■ Source data:
----------------
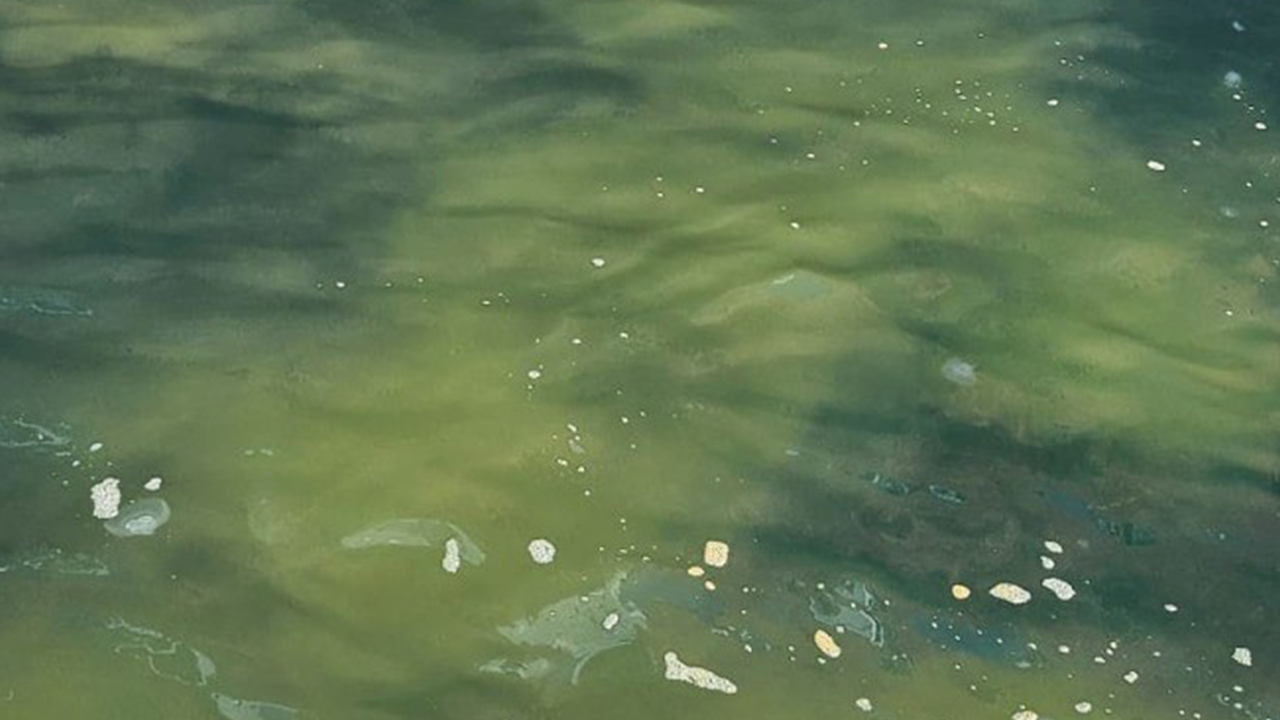 İzmit Körfezi’nde kirlilik alarmı: Yasal süreç başladı! - Resim : 1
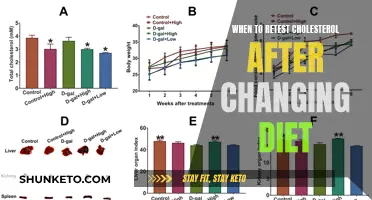 Cholesterol Retest: How Soon After a Diet Change?
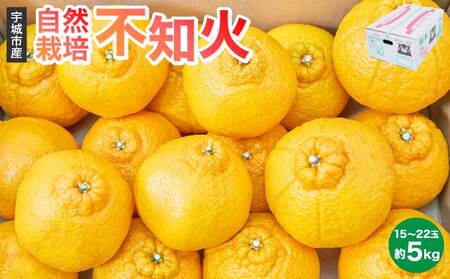 先行予約 自然栽培熊本大見柑 (不知火) 約5kg(15〜22玉) 2027年3月上旬から2027年4月中旬発送予定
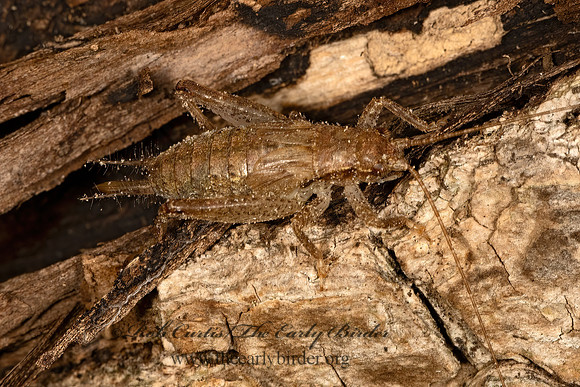 Orocharis saltator  JUMPING BUSH CRICKET 3041544z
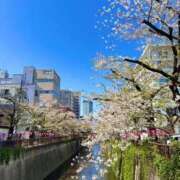 ヒメ日記 2025/04/05 10:21 投稿 しほ 性の極み 技の伝道師 ver. 匠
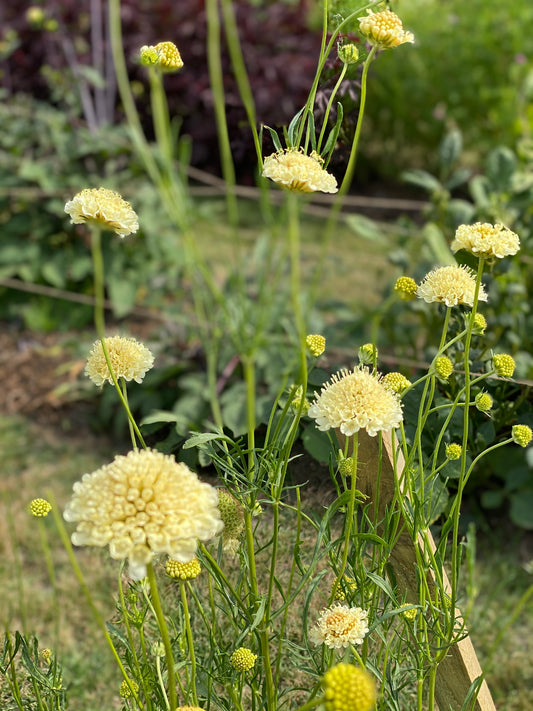 Scabiosa atropurpurea "Mix"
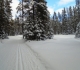 Watridge Lake road at Mt Shark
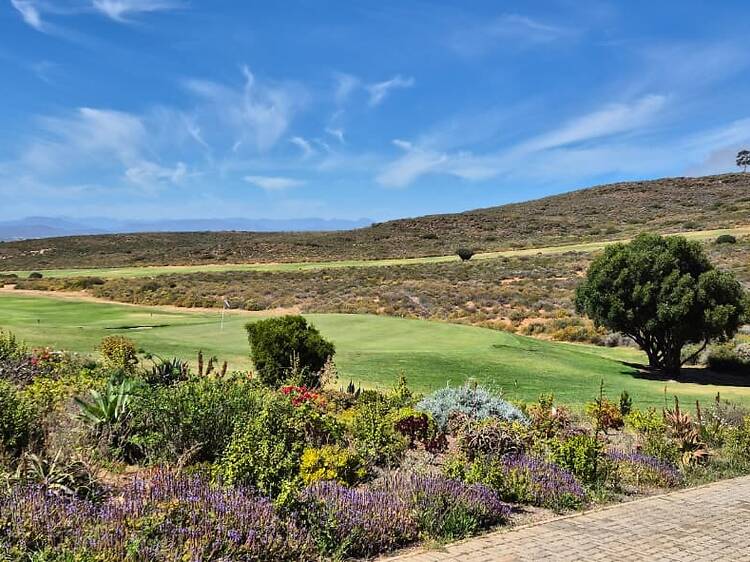 The Golfing Experience The Golfing Experience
----------------
■ Task objective: Return the records above exactly as written. Do not include their images.

■ Written reply:
 İzmit Körfezi’nde kirlilik alarmı: Yasal süreç başladı! - Resim : 1
 Cholesterol Retest: How Soon After a Diet Change?
 先行予約 自然栽培熊本大見柑 (不知火) 約5kg(15〜22玉) 2027年3月上旬から2027年4月中旬発送予定
 Orocharis saltator  JUMPING BUSH CRICKET 3041544z
 ヒメ日記 2025/04/05 10:21 投稿 しほ 性の極み 技の伝道師 ver. 匠
 Scabiosa atropurpurea "Mix"
 Watridge Lake road at Mt Shark
 The Golfing Experience The Golfing Experience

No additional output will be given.